ENTRIES PROVIDED
• • • • • • •

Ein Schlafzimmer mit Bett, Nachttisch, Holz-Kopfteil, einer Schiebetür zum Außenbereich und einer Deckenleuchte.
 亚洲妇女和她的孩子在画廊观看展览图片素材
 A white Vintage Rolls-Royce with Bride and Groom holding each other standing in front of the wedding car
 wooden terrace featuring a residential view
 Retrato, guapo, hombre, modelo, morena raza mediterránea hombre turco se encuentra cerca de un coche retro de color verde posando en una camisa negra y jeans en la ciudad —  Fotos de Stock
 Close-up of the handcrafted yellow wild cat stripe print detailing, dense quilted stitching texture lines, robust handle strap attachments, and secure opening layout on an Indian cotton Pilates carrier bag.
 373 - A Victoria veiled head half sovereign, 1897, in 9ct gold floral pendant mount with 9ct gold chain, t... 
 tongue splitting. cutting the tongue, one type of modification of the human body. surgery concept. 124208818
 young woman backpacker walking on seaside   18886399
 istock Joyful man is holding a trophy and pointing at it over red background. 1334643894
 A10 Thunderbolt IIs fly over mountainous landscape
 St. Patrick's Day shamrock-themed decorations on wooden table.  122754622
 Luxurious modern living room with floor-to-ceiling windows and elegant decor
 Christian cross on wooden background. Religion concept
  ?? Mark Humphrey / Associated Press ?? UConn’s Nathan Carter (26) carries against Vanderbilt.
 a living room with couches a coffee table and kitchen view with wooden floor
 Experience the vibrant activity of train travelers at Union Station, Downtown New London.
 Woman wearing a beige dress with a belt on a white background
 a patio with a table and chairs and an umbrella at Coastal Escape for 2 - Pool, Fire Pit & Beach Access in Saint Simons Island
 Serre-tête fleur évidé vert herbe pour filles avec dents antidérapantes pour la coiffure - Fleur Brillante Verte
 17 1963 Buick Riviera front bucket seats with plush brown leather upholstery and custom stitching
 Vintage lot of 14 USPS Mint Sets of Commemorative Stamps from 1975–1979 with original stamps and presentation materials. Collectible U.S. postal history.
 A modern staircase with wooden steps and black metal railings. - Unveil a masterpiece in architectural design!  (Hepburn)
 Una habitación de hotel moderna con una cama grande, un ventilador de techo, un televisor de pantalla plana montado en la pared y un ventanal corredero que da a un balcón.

• • • • • • •

Word for word, restate each of the records above.

Ein Schlafzimmer mit Bett, Nachttisch, Holz-Kopfteil, einer Schiebetür zum Außenbereich und einer Deckenleuchte.
 亚洲妇女和她的孩子在画廊观看展览图片素材
 A white Vintage Rolls-Royce with Bride and Groom holding each other standing in front of the wedding car
 wooden terrace featuring a residential view
 Retrato, guapo, hombre, modelo, morena raza mediterránea hombre turco se encuentra cerca de un coche retro de color verde posando en una camisa negra y jeans en la ciudad —  Fotos de Stock
 Close-up of the handcrafted yellow wild cat stripe print detailing, dense quilted stitching texture lines, robust handle strap attachments, and secure opening layout on an Indian cotton Pilates carrier bag.
 373 - A Victoria veiled head half sovereign, 1897, in 9ct gold floral pendant mount with 9ct gold chain, t... 
 tongue splitting. cutting the tongue, one type of modification of the human body. surgery concept. 124208818
 young woman backpacker walking on seaside   18886399
 istock Joyful man is holding a trophy and pointing at it over red background. 1334643894
 A10 Thunderbolt IIs fly over mountainous landscape
 St. Patrick's Day shamrock-themed decorations on wooden table.  122754622
 Luxurious modern living room with floor-to-ceiling windows and elegant decor
 Christian cross on wooden background. Religion concept
  ?? Mark Humphrey / Associated Press ?? UConn’s Nathan Carter (26) carries against Vanderbilt.
 a living room with couches a coffee table and kitchen view with wooden floor
 Experience the vibrant activity of train travelers at Union Station, Downtown New London.
 Woman wearing a beige dress with a belt on a white background
 a patio with a table and chairs and an umbrella at Coastal Escape for 2 - Pool, Fire Pit & Beach Access in Saint Simons Island
 Serre-tête fleur évidé vert herbe pour filles avec dents antidérapantes pour la coiffure - Fleur Brillante Verte
 17 1963 Buick Riviera front bucket seats with plush brown leather upholstery and custom stitching
 Vintage lot of 14 USPS Mint Sets of Commemorative Stamps from 1975–1979 with original stamps and presentation materials. Collectible U.S. postal history.
 A modern staircase with wooden steps and black metal railings. - Unveil a masterpiece in architectural design!  (Hepburn)
 Una habitación de hotel moderna con una cama grande, un ventilador de techo, un televisor de pantalla plana montado en la pared y un ventanal corredero que da a un balcón.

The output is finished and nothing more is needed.